NAT rules are organized within those separate chains in Netfilter. When packets come to the chain, each rule is examined in linear order and this linear search is costly with a large number of rules. After finding a rule, the header of the packet is modified based on the rule and new connection records are added to the connection tracking table [7]. In this way, only the first packet of a flow needs to search for NAT rules and all subsequent packets exchanged in either direction can apply the same NAT decision made for the first packet without additional lookup. However, the connection tracking table is shared among multicores with high lock overhead.

2.2 Related Work

Since it is well known that Netfilter doesn't scale well to deal with a large number of small-size packets, some papers advertise improving Netfilter performance. Mingming Yang et al. [8] proposed an algorithm to dynamically change the order of rules and the order of hook functions in Netfilter. Feng Liu et al. [9] built hash tables for NAT mapping table. However, the performance improvement for Netfilter in these works is limited because they didn't modify linear search algorithm for NAT rule table. Accardi, Kristen et al. [10] prototyped a hybrid firewall, using a Network Processor (NP) to accelerate Linux Netfilter on a general-purpose server. Nonetheless, they didn't make any modification to Netfilter and the enhancement of performance mainly resulted from special-purpose hardware.
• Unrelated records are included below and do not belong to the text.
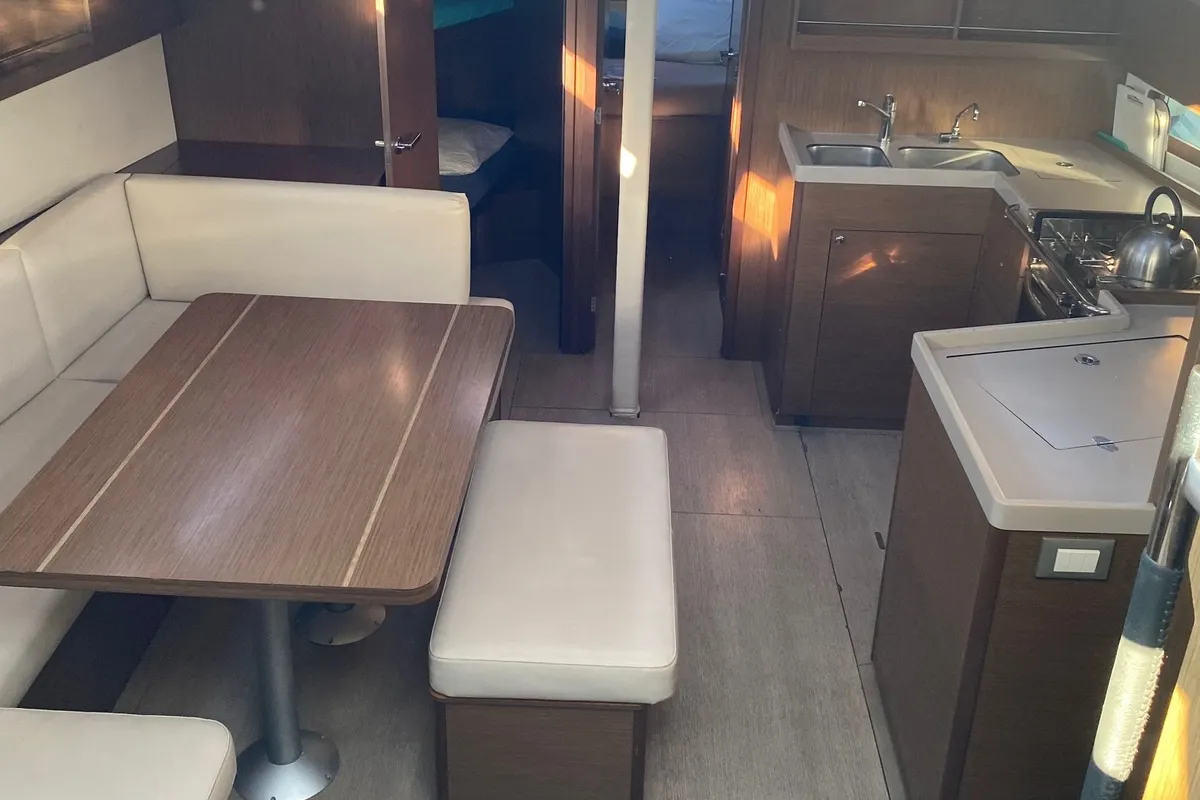JEAN BART III, a Beneteau Oceanis 40.1 sailboat at La Favière, France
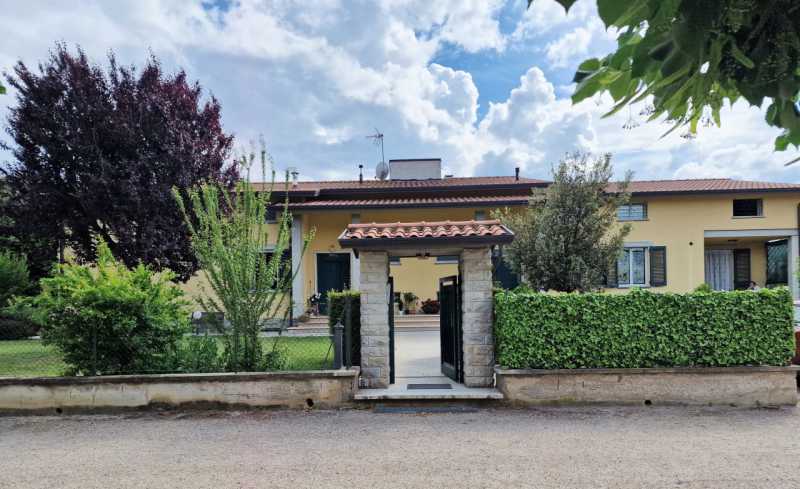 Villa in Vendita ad Perugia - 450000 Euro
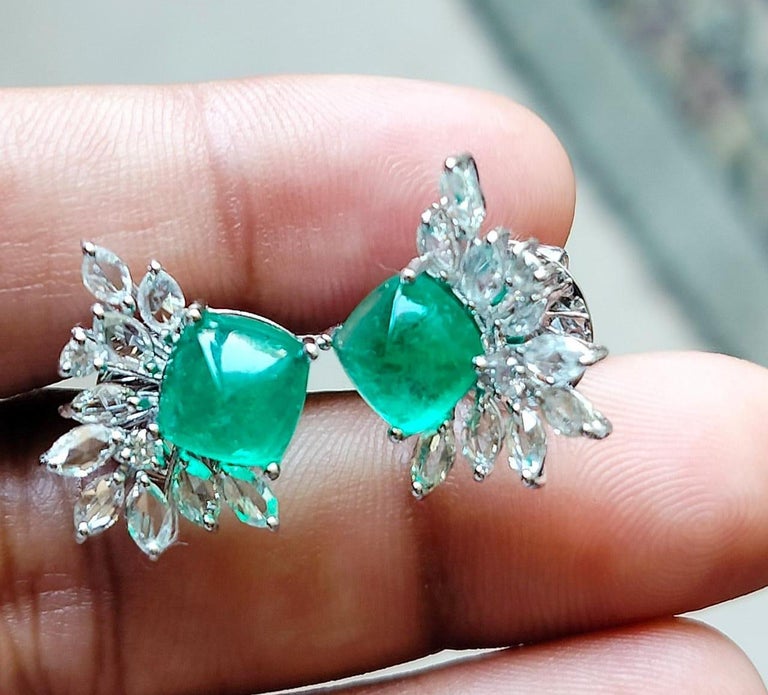 18K Gold, 4.33 Carat, Natural Emerald Sugarloaf & Diamonds Stud Earrings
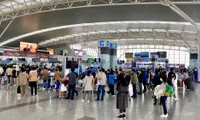Noi Bai airport records busiest day as Tet holiday ends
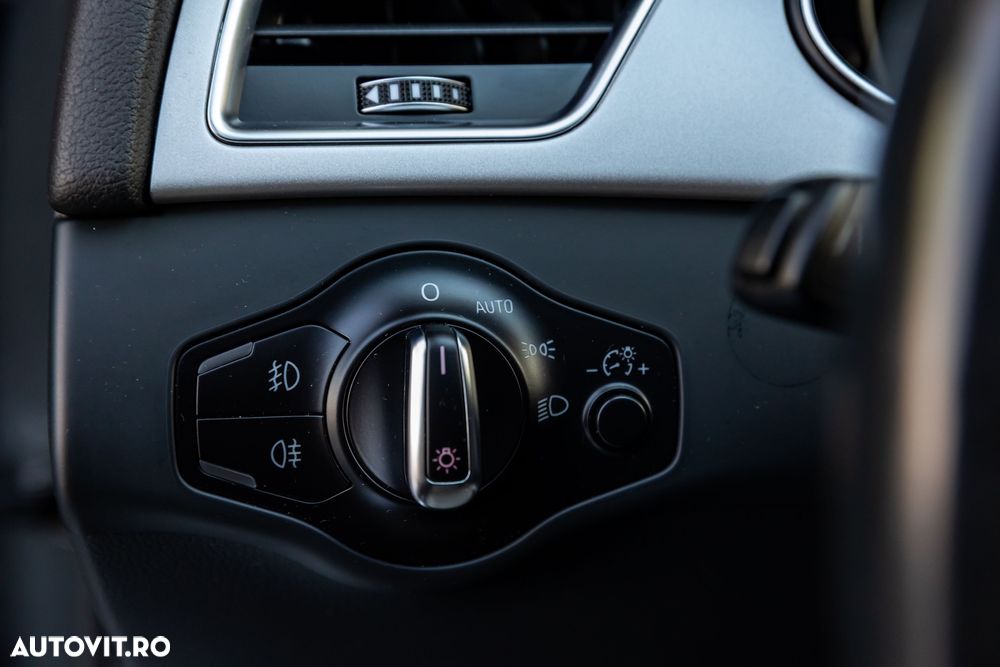 Audi A4 2.0 TDI ultra design - 14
Apart from modifying Linux Kernel, there exist a number of networking implementations that bypass the kernel's protocol stack entirely. PFQ [11], PF_RING [12], PF_RING ZC (Zero Copy) [13], Intel DPDK [14] and Netmap [15] directly mapping NIC buffers into user-space memory to accelerate network. DPDK has been successfully used in accelerating virtual switch as in the case of DPDK vSwitch [16]. There is a growing demand for high-speed NAT in data centers with high-volume traffic, but there aren't previous works about high performance NAT system on those kernel-bypass frameworks.

3 System Design

In order to improve the performance of NAT on commodity platforms, we design Quick NAT system built on DPDK. Quick NAT Search (QNS) algorithm is designed to look up NAT rules with complexity of O(1). In addition, Quick NAT system leverages the lock-free hash table to reduce the expense of locks when sharing NAT mapping records among CPU cores on multicore commodity servers. Moreover, Quick NAT achieves full zero-copy in the process of NAT to cut down the overhead of copy.

3.1 System Overview

The architecture of Quick NAT system is shown in Figure 2. Quick NAT system utilizes DPDK's capabilities to bypass the kernel and be built in the user space. Quick NAT system is composed of four components, i.e. Connection Tracer, Rule Finder, Tuple Rewriter and IP/Port Pool. Quick NAT system bypasses Linux Kernel to access packets directly from the NIC. Once receiving a packet, Connection Tracer searches for a connection record using hash search at first. If one connection record is found, the header of this packet is modified by Tuple Rewriter according to this connection record. Otherwise, Rule Finder uses QNS algorithm to look up NAT rule tables with complexity of O(1) and a IP/Port pair is picked up from IP/Port pool according to the NAT rule. Then, Quick NAT system revises packet's header and adds two connection records for the following packets of this flow and the reply flow.

In Quick NAT system, we have made three major contributions to improve the performance of NAT. First, we design QNS algorithm to look for the NAT rules with complexity of O(1). QNS algorithm uses the hash search instead of sequential search, reducing the time to search NAT rule tables. Second, we use Receive-side Scaling (RSS) to distribute flows across multiple processor cores in multi-core servers. To reduce the overhead of locks, Quick NAT uses lock-free hash table to share connection records among CPU cores. Third, Quick NAT enables zero-copy delivery and polling to eliminate the overhead of copy and interrupt.

3.2 QNS Algorithm

Traditional NAT system leverages the Netfilter framework in Linux kernel on commodity servers. As the speed of NIC cards gets faster, the time interval between packets' arrival becomes smaller. For 10Gbps NICs, the arrival rate is 14.8M packets per second at most, giving only 67.2ns to deal with each packet. However, Linux Netfilter cannot handle this network-intensive workload. According to the source code of Linux Netfilter, we found that Netfilter uses sequential search algorithm to search for NAT rules that are stored in linear order. In other words, Netfilter does not scale well with a large number of rules.